The Trademarks may not be used to register Internet domain names for any purpose. Affiliate may not use the Trademarks to disparage Morter Institute, its products or services, or in a manner which, in Morter Institute’s reasonable judgment, may diminish or otherwise damage Morter Institute’s goodwill in the Trademarks. Affiliate acknowledges that all goodwill generated through Affiliate’s use of the Trademarks will inure to the benefit of Morter Institute and hereby assigns and shall assign to Morter Institute any and all goodwill generated through Affiliate’s use of the Trademarks, without any payment or other consideration of any kind to Affiliate, and Affiliate further agrees to take all actions necessary to effect such assignment. Upon termination of this Agreement, Affiliate shall cease to use the Trademarks.
Affiliate may bid on keywords using their affiliate link EXCEPT affiliate may not bid on the company name, product names, website names, synonyms, or trademarks (registered or not) owned or operated by Morter Institute or our joint ventures or partners.
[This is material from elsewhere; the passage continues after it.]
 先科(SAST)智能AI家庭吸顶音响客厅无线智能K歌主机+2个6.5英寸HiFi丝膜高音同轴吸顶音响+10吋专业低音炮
Doing so gives Morter Institute the right to unilaterally end payments to that affiliate for previous, current or future purchases tracked to that affiliate or its sub-affiliates.
4. Confidential Information
“Confidential Information” shall include any information, including email addresses of buyers referred by the Affiliate, whether oral, written or observed, regarding the terms of this Agreement or sales of the Product. All Confidential Information shall remain the exclusive property of Morter Institute and shall be immediately returned to Morter Institute upon request, together with all copies thereof. Affiliate shall hold Confidential Information in trust and confidence for Morter Institute and shall not disclose such Confidential Information or use it for any purpose other than to perform as required by this Agreement. Affiliate may not disclose Confidential Information to employees or third parties unless it is necessary for such employees or third parties to know such Confidential Information in order for Affiliate to perform its obligations and duties pursuant to this Agreement.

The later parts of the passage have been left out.